> Posted by Alexandra Rizzi, Deputy Director of the Smart Campaign

The following is part of the Smart Campaign’s #FintechProtects series. We’re raising awareness about responsible digital financial services, spotlighting work from the Smart Campaign and others, and engaging with industry actors on how fintech can move forward in a way that’s best for clients. For more information on #FintechProtects, and to get involved, click here.

In financial inclusion circles there is palpable excitement around the promise of digital financial services (DFS) – most recently quantified by the McKinsey Global Institute as the potential for 1.6 billion individuals becoming banked, $2.1 trillion in loans disbursed, and 95 million new jobs. Yet, in order for this potential to be achieved, customers must trust the service. For instance, India-based MicroSave conducted research showing that while 85 percent of DFS customers said they would recommend DFS to others, they thought of it as a Plan B due to lack of trust. Issues that can erode or prevent trust from building include gaps in data protection and security, service downtime, insufficient transparency, agent misconduct and unauthorized fees, among others. As Graham Wright of MicroSave writes, “It is clear that there are immediate potential wins for DFS providers who address consumer protection issues.”

In this post the Smart Campaign spotlights a fast-growing fintech company, JUMO, that is helping to define what responsible digital finance means.

JUMO is a transaction and predictive technology platform that partners with mobile network operators (MNOs) and banks to reach consumers with digital financial services. JUMO’s first product is a proprietary technology platform that predicts which mobile customers are suitable candidates for credit, and then begins lending amounts as small as $2 USD that can, over time, progress to as much as $450 USD. To date, loans on JUMO’s platform have been accessed by over 4 million customers across Kenya, Tanzania, Zambia and Uganda. Direct interaction with both customers and MNO agents is intermediated through JUMO’s MNO partners, which is complemented by an in-house customer intelligence team that seeks feedback directly from customers.

JUMO has a vision beyond the successful growth of its technology platform. CEO Andrew Watkins-Ball has said, “Our ambition is to facilitate the financial inclusion of every adult in the markets we serve.” While many fintechs state similar aspirations, JUMO’s track record signals deeper commitment to quality financial services.

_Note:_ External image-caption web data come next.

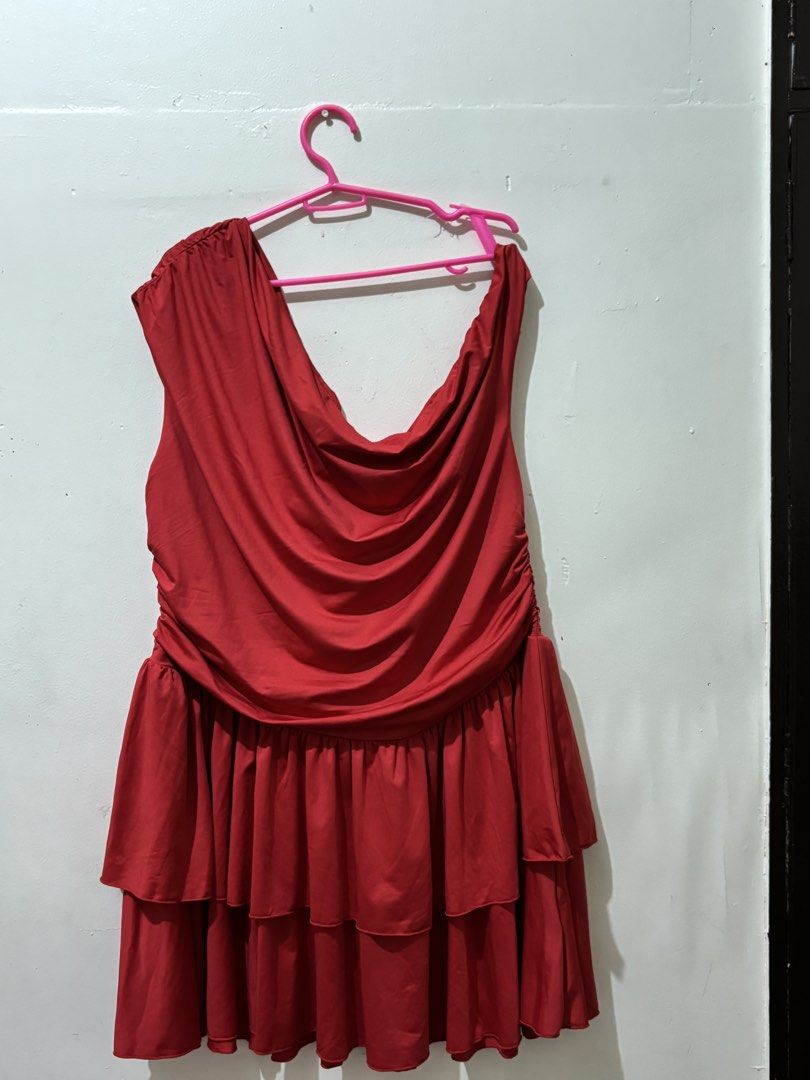 Red dress (Category: Dresses) located in Manila. Submitted by _grxymacs (Listing ID 1463839440, Image 2). Description: .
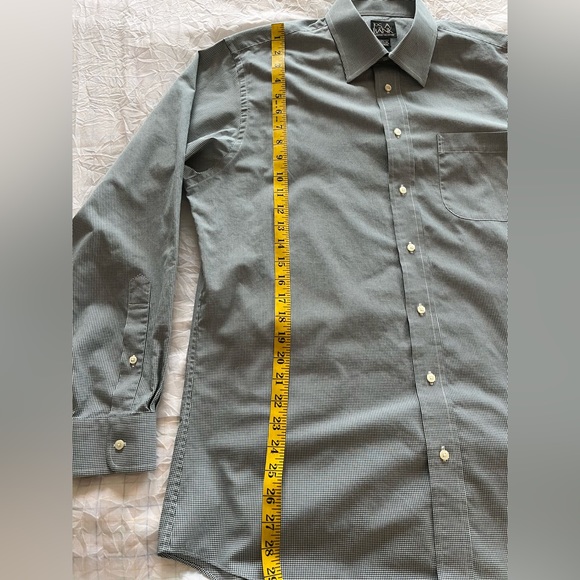 Jos A Bank Long Sleeve Button Down Green Bingham Dress Shirt - Picture 7 of 9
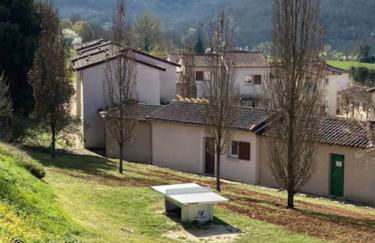 CONFORTABLE MAISON DANS VILLAGE VACANCES AVEC PISCINE A CAJARC - Photo 12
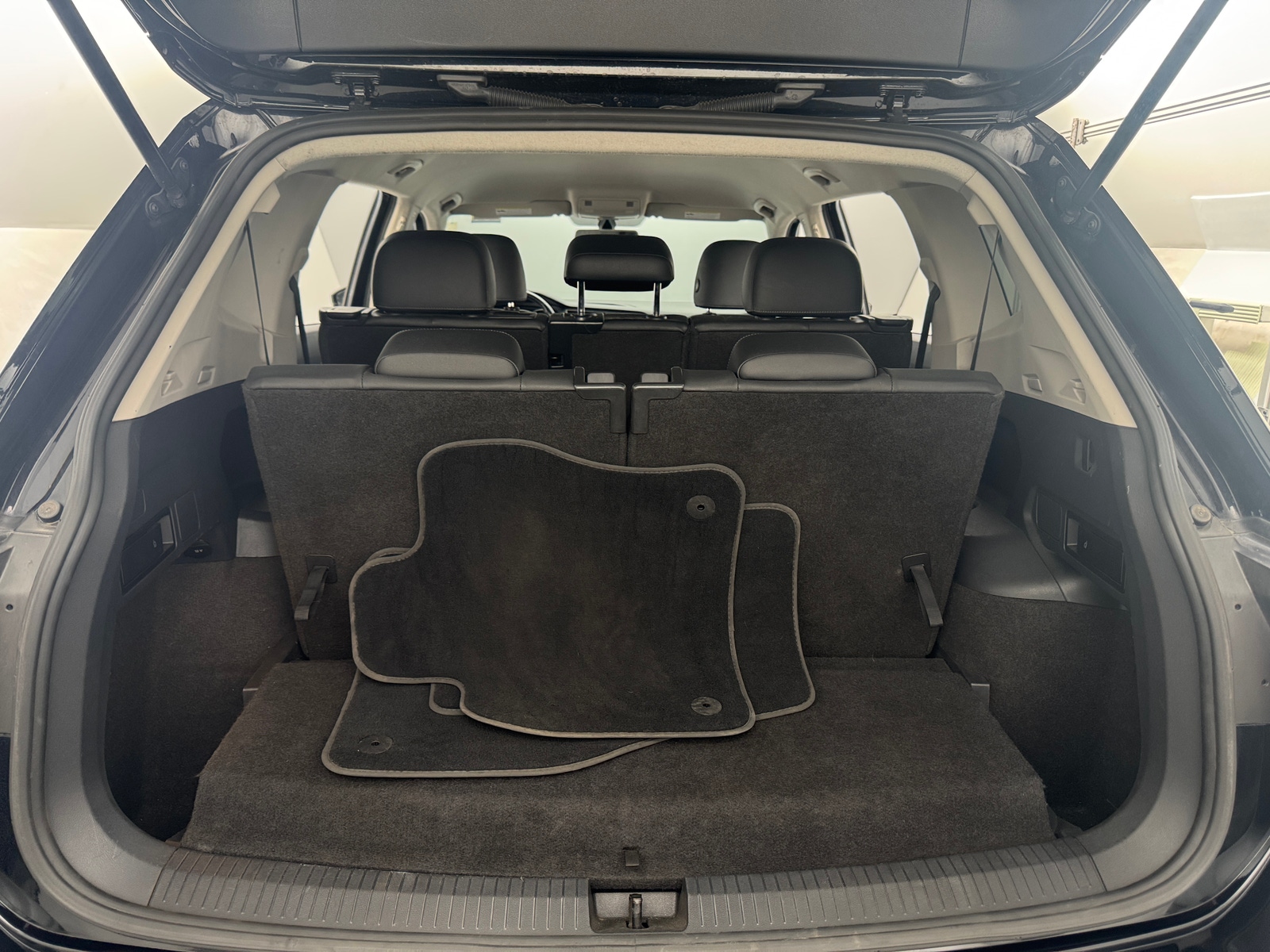 Thumbnail: 2019 Volkswagen Tiguan - 6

Last year CGAP conducted a series of experiments with JUMO in Kenya using variations in digitally-delivered terms and conditions to improve transparency and lower risk of default. Then in 2016, JUMO and its investor LeapFrog (via LeapFrog Labs) commissioned two adapted Smart Assessments of JUMO’s lending models in Tanzania and Kenya respectively. The Smart Campaign partner M-CRIL carried out the on-the-ground analysis which utilized the Client Protection Principles and standards to evaluate the mobile loan product offered on JUMO’s platform. It was a comprehensive analysis– from the design, marketing and piloting of the lending algorithm, to partner service level agreements; from communicating to clients around “strikes” (automatic debits from the customer’s mobile wallet against outstanding loan amount) to the customer service model to support queries/complaints. It was a valuable and meaningful learning experience for all parties, especially given how few fintech organizations have opened themselves up to such detailed analysis. Explaining JUMO’s perspective on opening up, Buhle Goslar, Director of Customer Intelligence at JUMO said, “Our work breaks new ground by including many customers that have never accessed formal financial services before. This is exciting, but also means we have a significant responsibility to make sure their first formal financial services experience is positive and empowering. That’s really important to us, so we’re open to testing, learning, sharing and collaborating – it’s a part of our contribution to building the digital financial services ecosystem.”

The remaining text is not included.